Из-за полок отозвался дребезжащий старческий голос.
– Сейчас-сейчас! Иду-иду!
Шаркая растоптанными туфлями, на свет вышел высокий худой старик.
– Здравствуйте, господин офицер, – слегка поклонился он.
Кириллу бросился в глаза контраст между седой головой, морщинистым лицом и крепкой загорелой шеей. В пронзительном взгляде ни капли старческой немощи. Молодые и цепкие глаза осмотрели Кирилла с головы до ног.
– Я не офицер, – поправил Кирилл.
– Не прибедняйтесь, молодой человек, вам это не идет, – в глазах старика заплясали чертики. – Я пожил на этом свете и, когда вижу офицера, так и говорю.
– Здравствуйте, дядя Конрад! – спохватился Кирилл. – Я очень рад вас видеть!
– И я рад тебя видеть, Кирилл! Ну-ка, познакомь меня со своей очаровательной спутницей!
Кирилл представил Хелен. Старик поклонился и торжественно поцеловал Хелен руку.
– Я есть очень рада знакомству, – смутилась Хелен.
– Вы не говорите по-русски? Ах, я старый дурак, – всплеснул руками хозяин и перешел на немецкий: – Я совершенно упустил из виду, что вы можете не знать русского. Я молю о прощении!
Кирилл прошелся вдоль полок, разглядывая корешки книг. Конрад взял Хелен под руку и увлек в глубь магазина.
– Давно ко мне не заходили столь прекрасные юные дамы! Я сделаю вам кофе, особенный кофе по особенному рецепту… О, вы не знаете, какой у меня кофе! Такой кофе когда-то умели варить только в Старом Яффо и в Праге, и то не во всех кофейнях!
Старик щелкнул переключателем. За полками обнаружился уютный уголок: несколько кресел вокруг круглого столика и торшер. Хелен села в кресло, чувствуя себя неловко: с чего вдруг такая честь? Но отказываться не стала, побоялась обидеть радушного хозяина. Букинист суетился вокруг нее, то наливая кофе, то пододвигая вазу с печеньем, то предлагая плед.
– Вы каждого клиента так встречаете? – удивилась Хелен.

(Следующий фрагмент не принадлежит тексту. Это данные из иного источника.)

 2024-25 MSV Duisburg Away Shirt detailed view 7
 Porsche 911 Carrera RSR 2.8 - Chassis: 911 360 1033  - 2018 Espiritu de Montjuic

– Сказать правду, у меня их почти нет, клиентов, а те, что есть, давно ко мне ходят и стали, не побоюсь этого слова, друзьями. Взять хотя бы Кирилла! Скажу вам по секрету, вам неимоверно, сказочно повезло с ним. Он тоже особенный, как его отец…
– Вы знали его отца? – подобралась Хелен.

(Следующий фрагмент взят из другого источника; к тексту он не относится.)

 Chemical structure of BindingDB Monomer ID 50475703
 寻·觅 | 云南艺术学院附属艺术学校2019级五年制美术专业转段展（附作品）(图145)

– Знал ли я Готлиба фон Медема? О, мы были лучшими друзьями. Он был постоянным клиентом моей лавки. Круг по-настоящему интеллигентных людей стал очень узок в последние десятилетия. Чума, война… Так что нет ничего удивительного в том, что все мы в конечном итоге собрались в одном месте. Я доставал ему книжки для Кирилла. – Букинист многозначительно поднял палец. – Иллюстрированные русские сказки. Маленький Кирилл их очень любил.
Кирилл, стоявший за шкафами, улыбнулся. На его взгляд, старый зубр переигрывал. Хотя в его словах не было ни капли лжи. Он действительно доставал сказки, которые маленькому Кириллу читала няня. Потрепанные, с пожелтевшими от времени страницами, но при этом очень интересные. Вот только в то время дядя Конрад носил генеральские погоны. Лавка появилась позже.

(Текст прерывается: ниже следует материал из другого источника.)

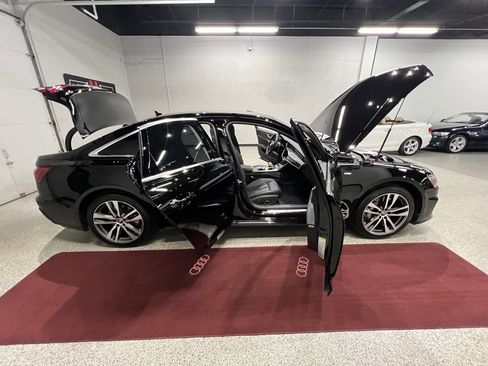 Used 2019 Audi A6 3.0T Premium Plus w/ Premium Plus Package image 55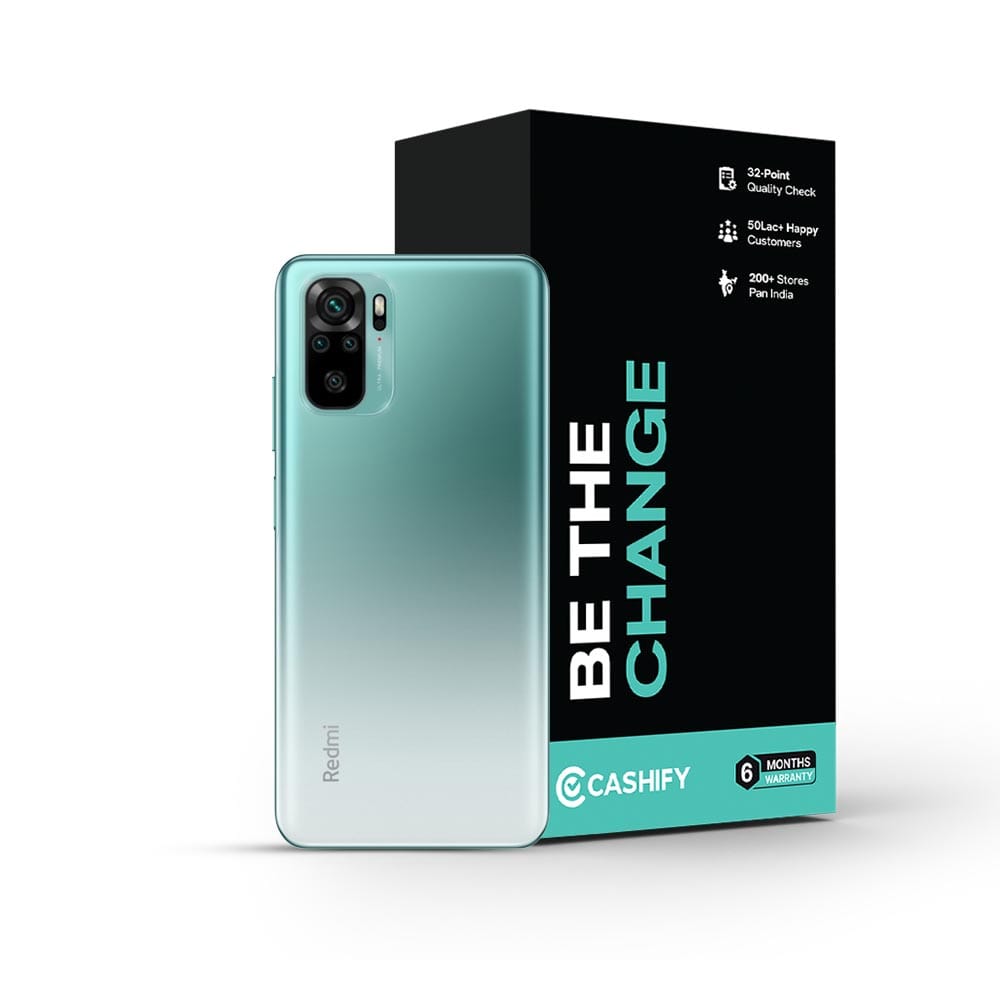 Xiaomi Redmi Note 10s - Refurbished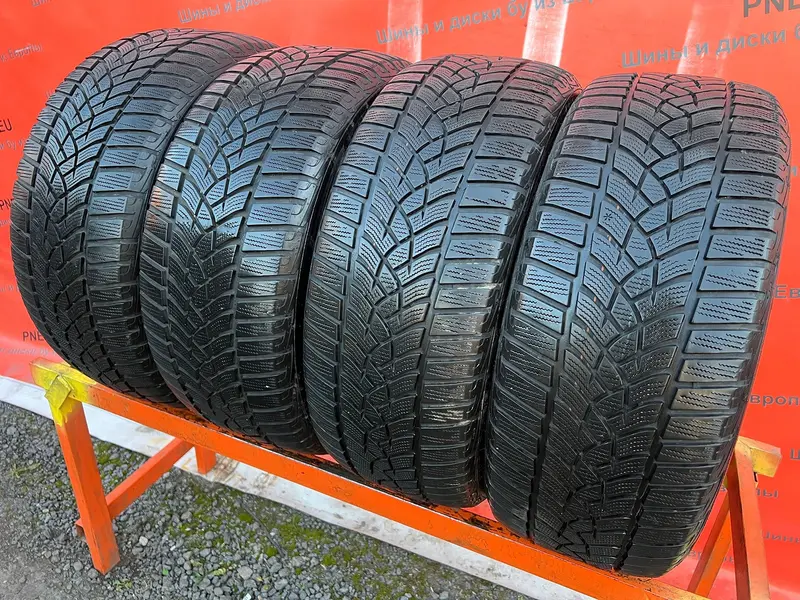 Комплект б/у шин 225/50 R17 Goodyear Ultra Grip Performance +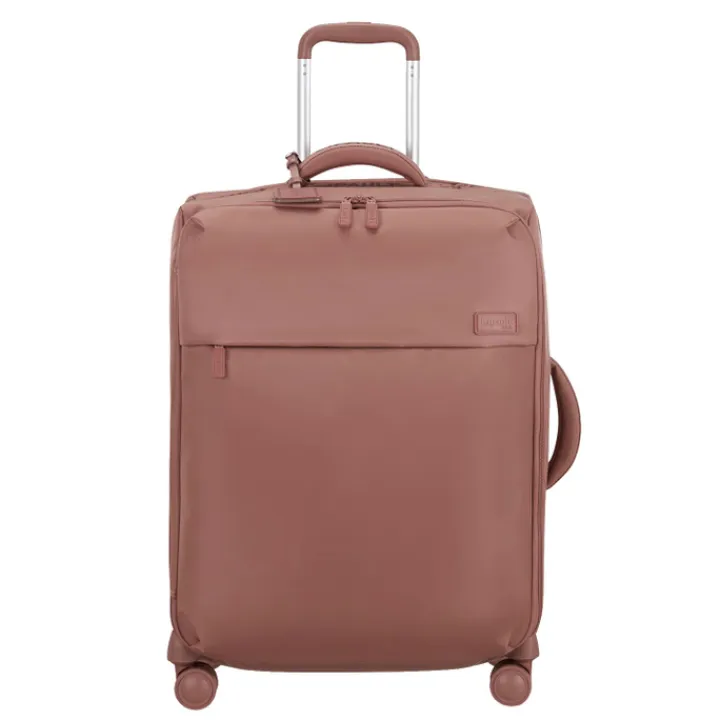 Reiskoffers|Zachte Koffers>Lipault Plume Medium Trip rosewood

– Расскажите о нем, – попросила Хелен.
– О Готлибе? Вы все знаете и так: посмотрите на своего спутника. Они очень похожи – отец и сын; не внешне, разумеется, внутренне. Кирилл такой же напористый, целеустремленный и уверенный в себе человек, как и его отец…
Старый букинист добрых два часа развлекал Хелен разговорами, а на прощание подарил коллекционное издание стихов Уильяма Блейка.
– Чудесный старик, – сказала Хелен на обратном пути. – Он русский?
Кирилл объяснил, что дядя Конрад немец, просто помешан на русской литературе, как и отец Кирилла. Это была полуправда – отец Кирилла хотел, чтобы сын знал русский, и покупал ему книги. Даже прислугу нанял русскую. Но любовь к языку тут была ни при чем.
Кирилл мог бы многое рассказать о Конраде Бауэре, настоящая фамилия которого была Пильгер. О том, как молодой художник нарисовал карикатуру на Мухаммеда и стал объектом охоты. Как в родной стране для него не нашлось безопасного угла. Как он переезжал с места на место, как его всюду преследовали исламисты: плевали, бросали камни. А власти просвещенной демократической Европы смотрели на травлю сквозь пальцы, чтобы не задевать чувства верующих. Однажды на дом, где жил художник, напала банда фанатиков. Жену изнасиловали и убили у него на глазах, перерезали глотки детям – годовалым близнецам. А художника оставили на потом. Его спас сосед-студент, левый активист с аристократической фамилией фон Медем. После того как полиция закрыла дело «за отсутствием подозреваемых», фон Медем резко сменил политические взгляды. А художник надел военную форму и вернул долг с процентами… Но такие истории лучше не рассказывать юным особам.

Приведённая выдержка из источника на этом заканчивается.